Kaleidoscope

by inlovewithnight



Category: Kings
Genre: Gen, Preseries
Language: English
Status: Completed
Published: 2009-11-16
Updated: 2009-11-16
Packaged: 2017-10-03 03:35:02
Rating: Not Rated
Warnings: No Archive Warnings Apply
Chapters: 1
Words: 1,166
Publisher: archiveofourown.org
Story URL: https://archiveofourown.org/works/13743
Author URL: https://archiveofourown.org/users/inlovewithnight/pseuds/inlovewithnight





	Kaleidoscope

The top spins madly on its string, scattering brightly-colored rays of light across the walls of the room. Michelle laughs, and the King pulls the string again, making it spin faster, until watching it leaves her dizzy.

She rests her head on his knee, still laughing, and his hand settles on her shoulder. This is home; this is warmth and safety and love, this is what it is to be the daughter of the King chosen by God.

She sits up again and reaches for the top, running her fingers over the bright surface. "Jack," she says, "come see."

"Jack needs to finish his schoolwork," the King says. Michelle looks across the nursery, to where Jack is sitting at a table with his notes and books. His tutor, a tall young man with dark eyes who always looks frightened, is watching the prince underline passages on a sheet of paper.

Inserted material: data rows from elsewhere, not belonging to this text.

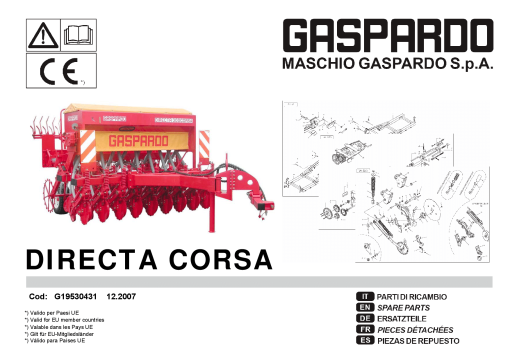Gaspardo Directa_Corsa Seed_drill Parts manual catalog PDF Download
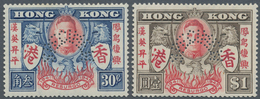 Hongkong: 1946, Victory Issue Complete Set Of Two Perf. SPECIMEN, Mint Hinged, Scarce Set! SG. £ 275 - Andere & Zonder Classificatie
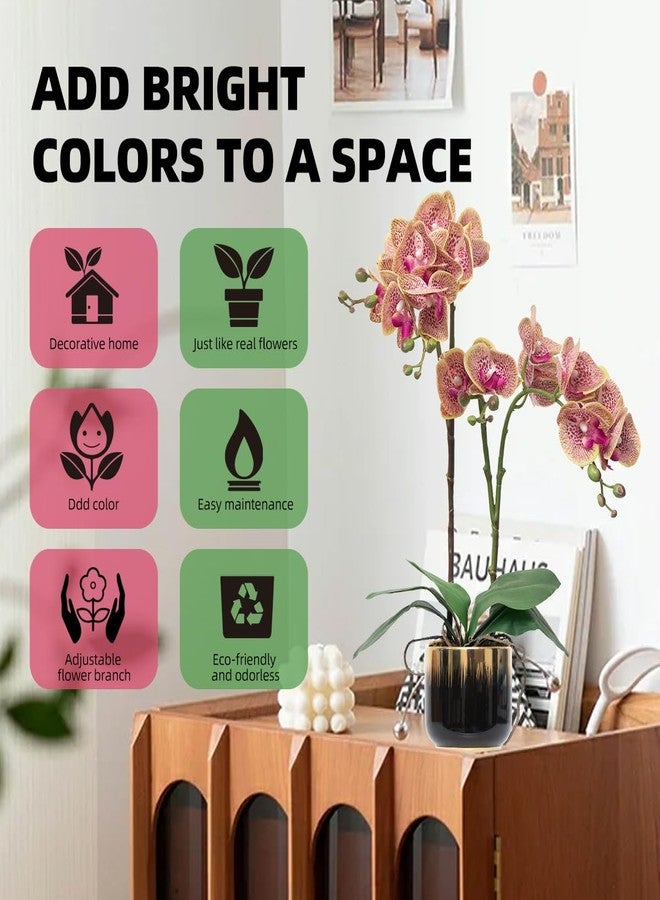 CXGS Orchids Artificial Flowers Real Touch Fake Flowers in Ceramic Pot 20" Purple Dapple Faux Orchid Plant Lifelike Silk Phalaenopsis for Centerpiece Hotel Home Indoor Decor - Image 4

Really, Michelle thinks, he's watching Jack's hands move across the page.

"Jack always has more work to do than me," she says, looking up at her father again.

"Jack is going to be a warrior," Silas says, "and then someday, he is going to be king."

Jack's mouth twists into a smile, but he doesn't look up.

"What am I going to be?" Michelle asks.

The King touches her hair, her brow, her lips. "You are going to be good."  
**  
Jack and Michelle think there was a plan, before they were born, that the King would mold the prince and the Queen would groom the princess, and through each of their focused efforts would come perfect royal dolls, preserving legacy, country, and pride without ever causing a single moment of trouble.

It didn't work that way, of course. Not only the part about not causing trouble, but the beginning, where Silas and Rose would divide up the parenting and each produce a work of filial art. Jack was made by his tutors, his coaches, and when he was old enough to attend classes at the Academy, his comrades.

Michelle took her cues from Thomasina, and from her books, and just from _watching_. People came together and apart in patterns, throwing off sparks and vapors. There was an underlying order, if you watched, and the ones with the power could make that order better or worse, uglier or more pleasing to the eye.

The King and Queen were not neglectful, nor cruel; Jack and Michelle never doubted that they were loved, nor forgot that their parents were close by them always. But Silas and Rose quickly proved to be less than interested in shaping their children than in stating expectations and assuming they would be met, as they were in everything else.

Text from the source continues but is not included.